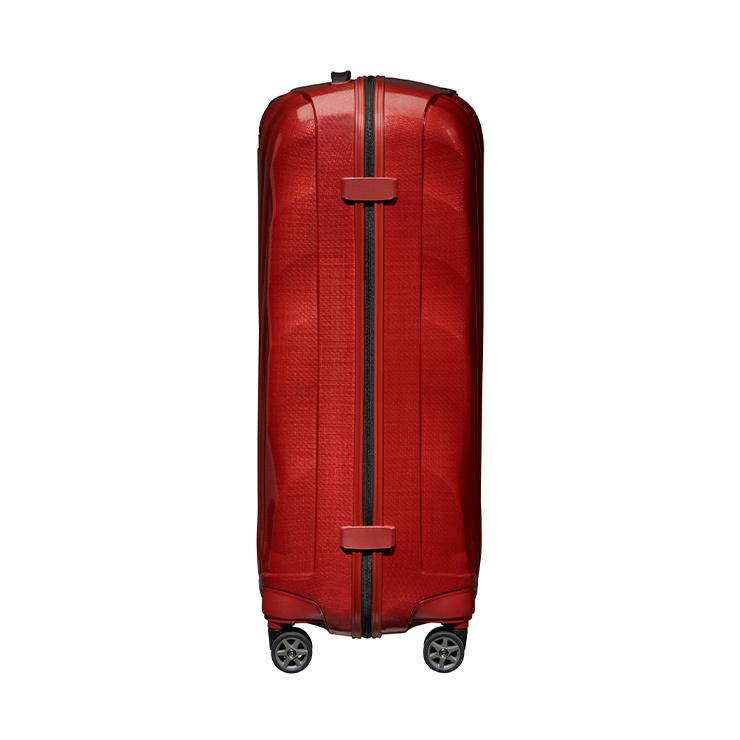 正規品 サムソナイト スーツケース Lサイズ キャリーバッグ キャリーケース C-LITE シーライト ハード ファスナー 軽量 おすすめ おしゃれ かわいい ブランド｜multiverse-irl｜10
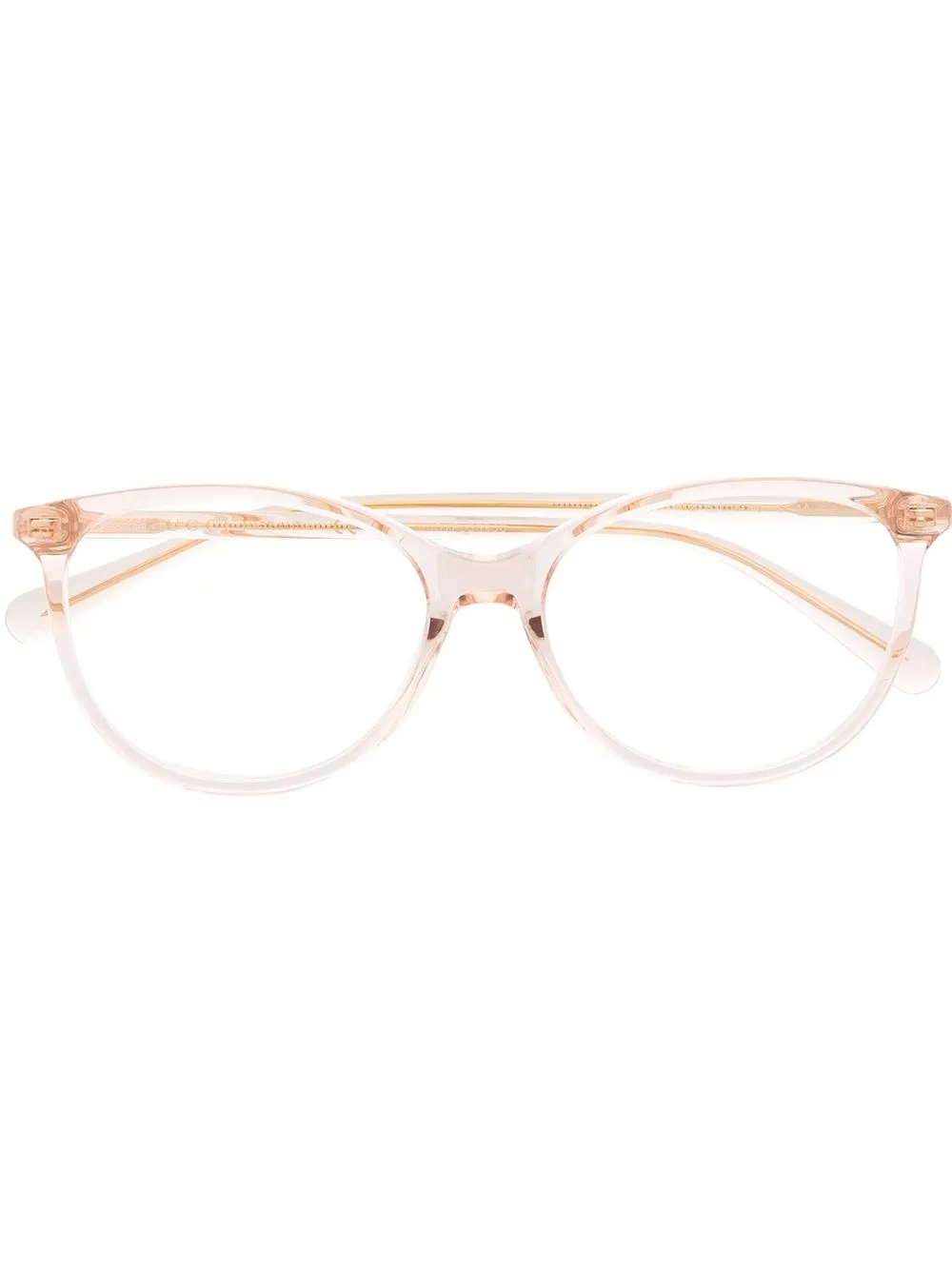 

Оптические очки «кошачий глаз» Gucci Eyewear, розовый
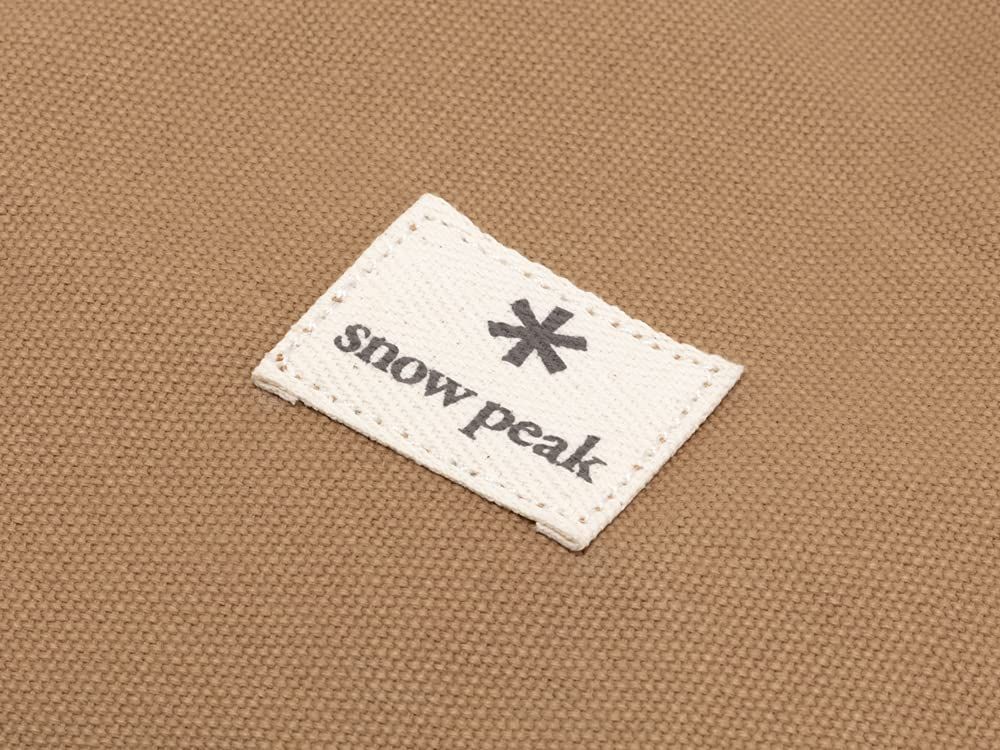 スノーピーク(snow peak) 焚火台LLコンプリート収納ケース ST-034BR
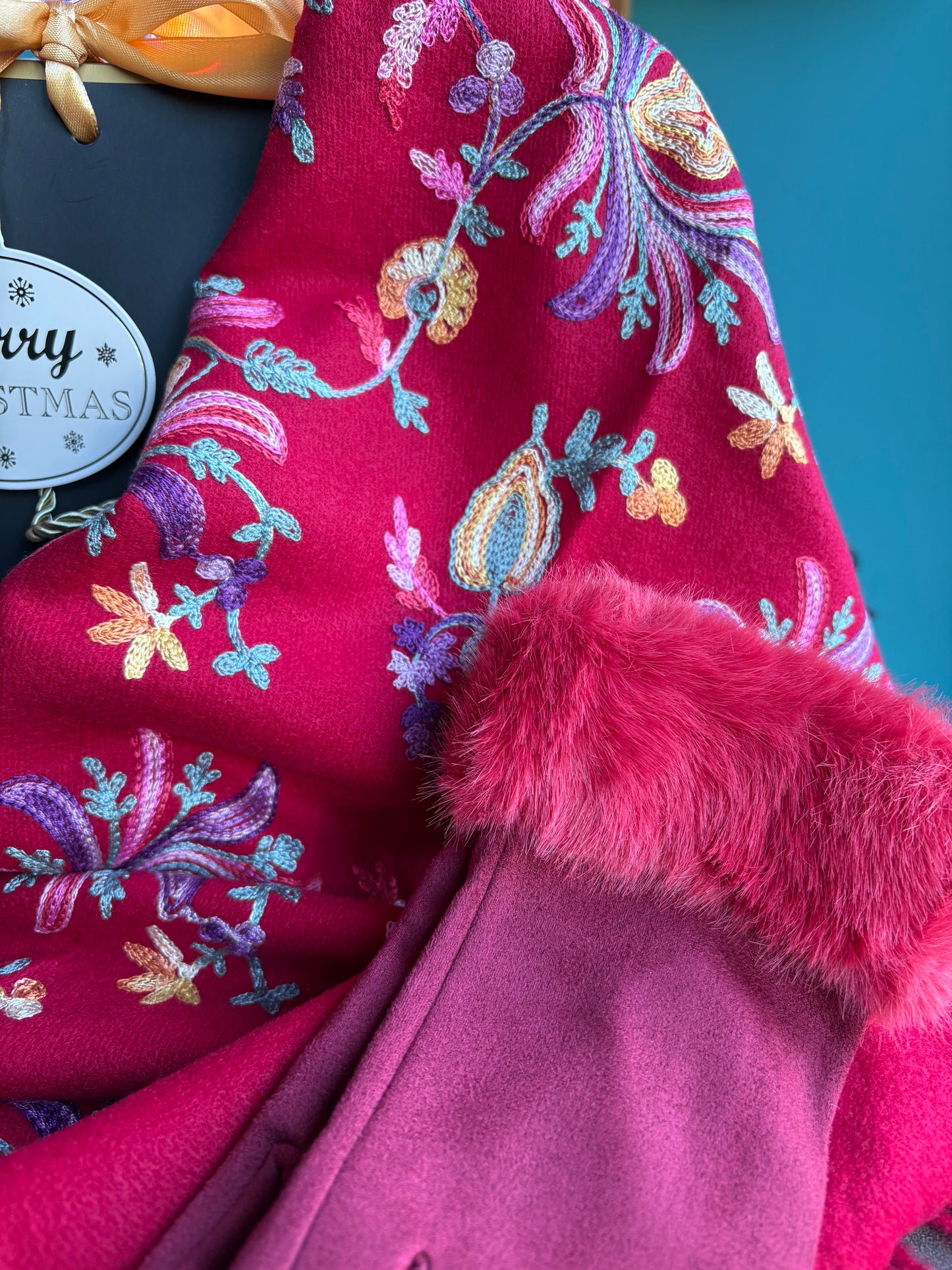 Enchanted Winter Christmas Gift Set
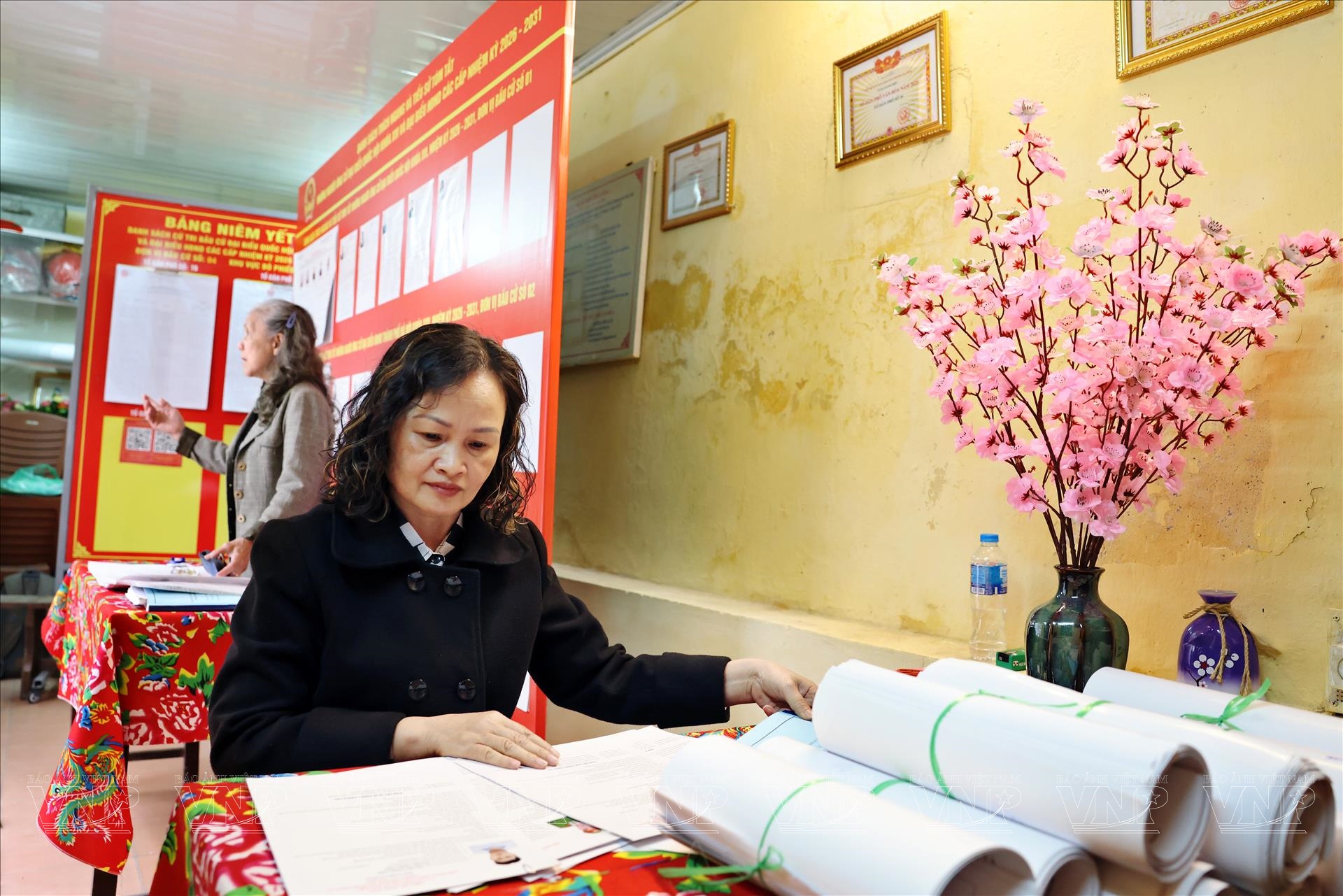 Hà Nội 24 giờ trước Ngày hội non sông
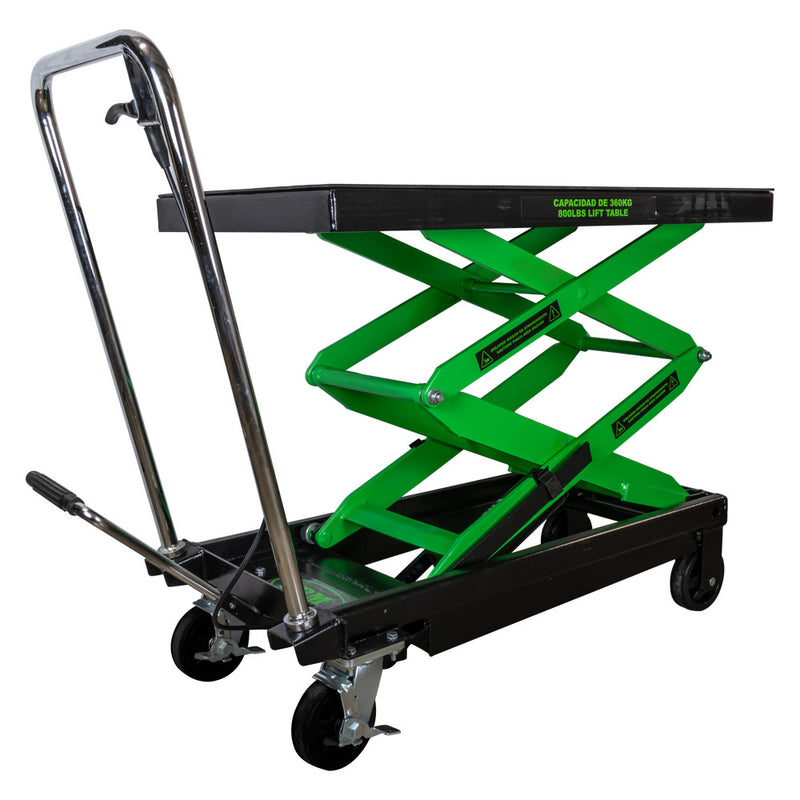 MESA HIDRÁULICA 360KG - 53246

────────────────────────────────────────

> **WORK TASK**: Could you write out, word for word, the lines from the one containing "スノーピーク(snow peak) 焚火台LLコンプリート収納ケース ST-034BR" through the last line of the records, leaving out the pictures?

> **ANSWER TO THE PROBLEM**:
 スノーピーク(snow peak) 焚火台LLコンプリート収納ケース ST-034BR
 Enchanted Winter Christmas Gift Set
 Hà Nội 24 giờ trước Ngày hội non sông
 MESA HIDRÁULICA 360KG - 53246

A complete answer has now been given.